◆ Working data:
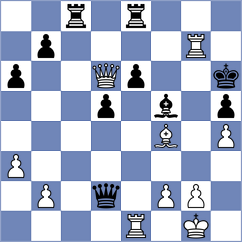 Efimenko - Matveeva (chess.com INT, 2024)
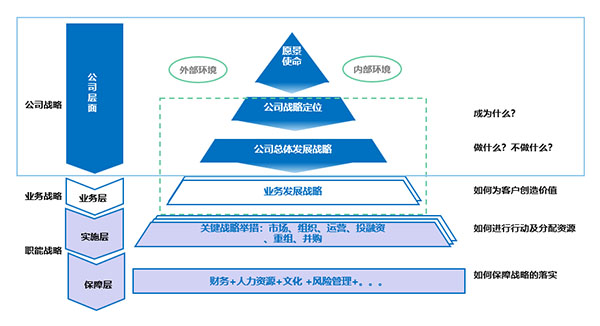 企業戰略規劃的解決思路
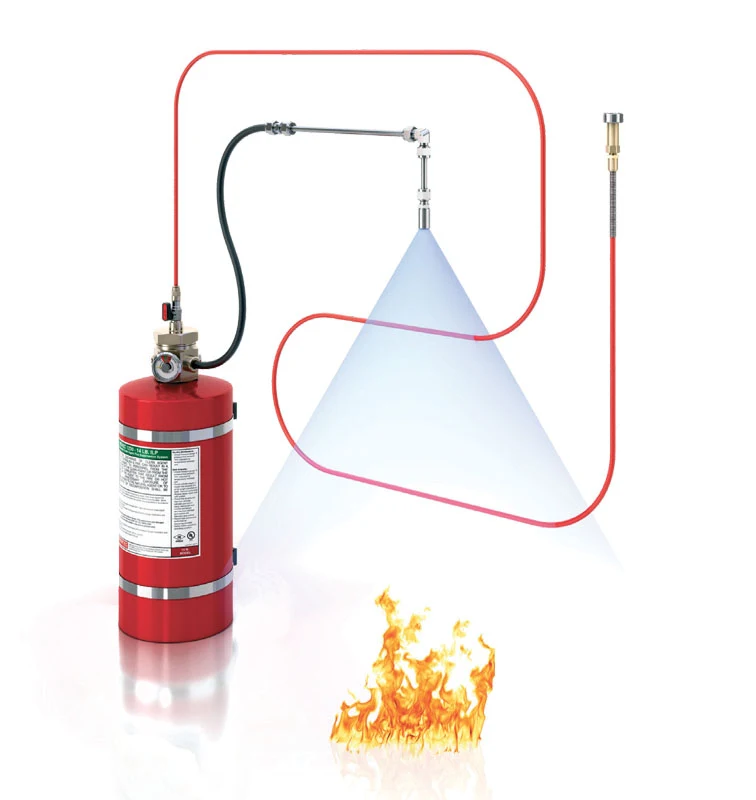 مزایای سیستم ROTAREX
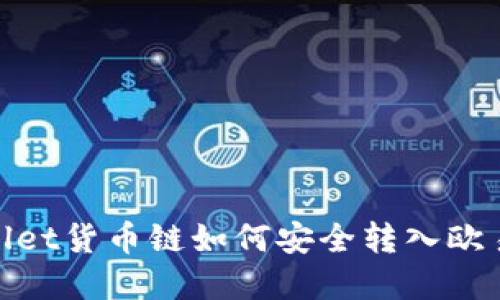 : tpwallet货币链如何安全转入欧易交易所
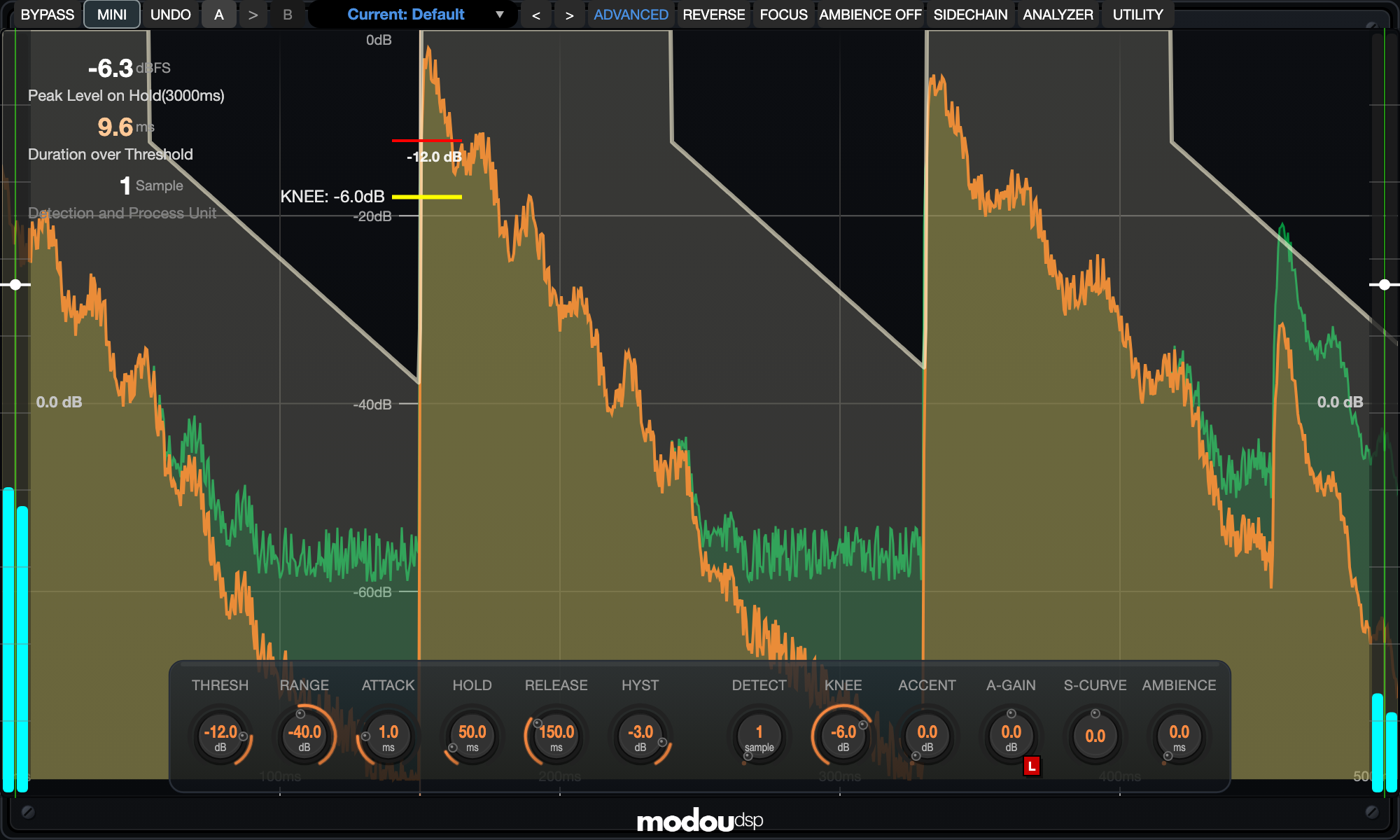 VisualGate 1.6.1 main window (Advanced view): top bar, display with the input (green) and output (orange) waveforms and the ivory fader trace, level meters with gain sliders, and the knob island.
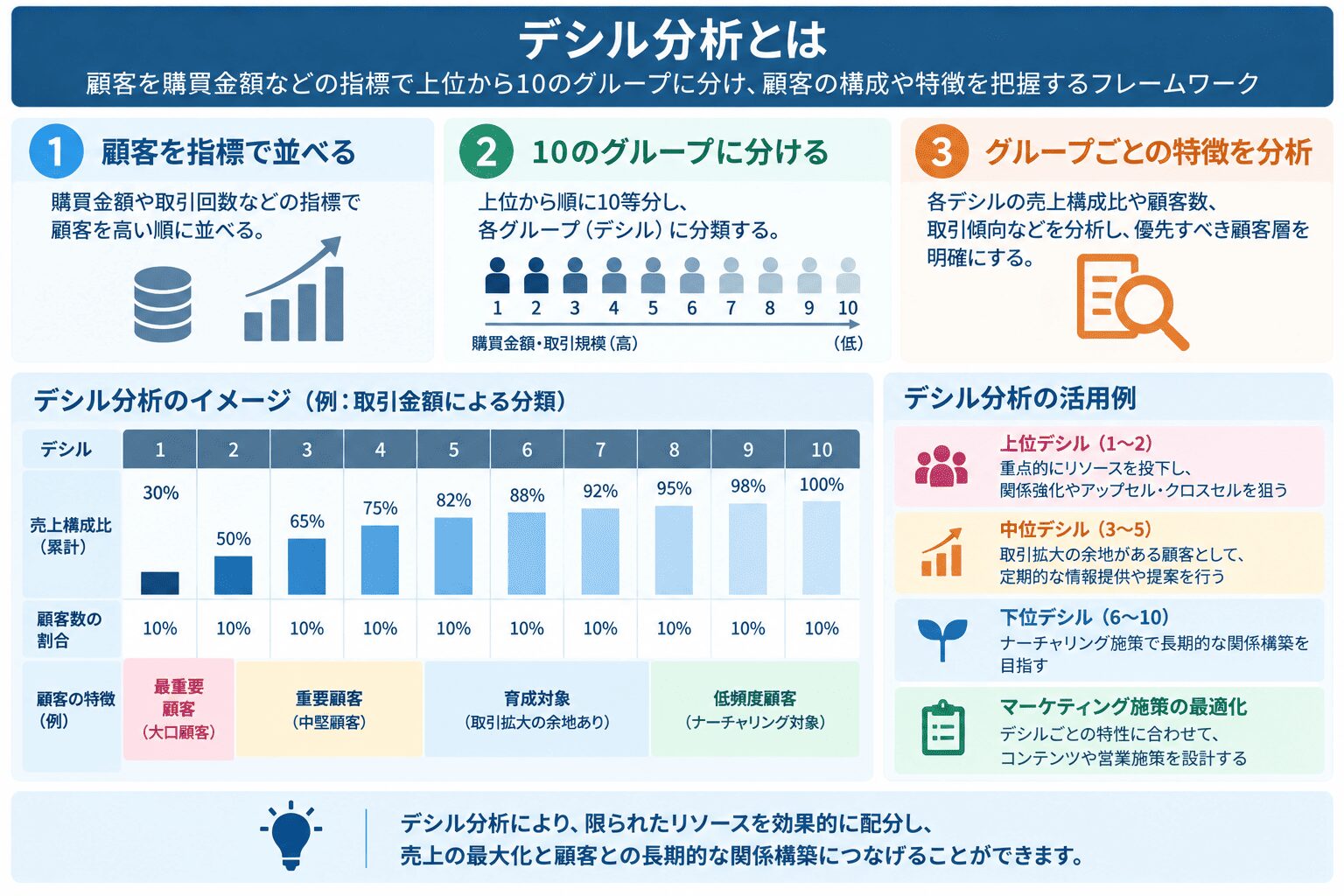 デシル分析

◆ What you are asked to do:
Exact copy, pictures removed: set down the whole listing above.

◆ Answer box:
 Efimenko - Matveeva (chess.com INT, 2024)
 企業戰略規劃的解決思路
 مزایای سیستم ROTAREX
 : tpwallet货币链如何安全转入欧易交易所
 VisualGate 1.6.1 main window (Advanced view): top bar, display with the input (green) and output (orange) waveforms and the ivory fader trace, level meters with gain sliders, and the knob island.
 デシル分析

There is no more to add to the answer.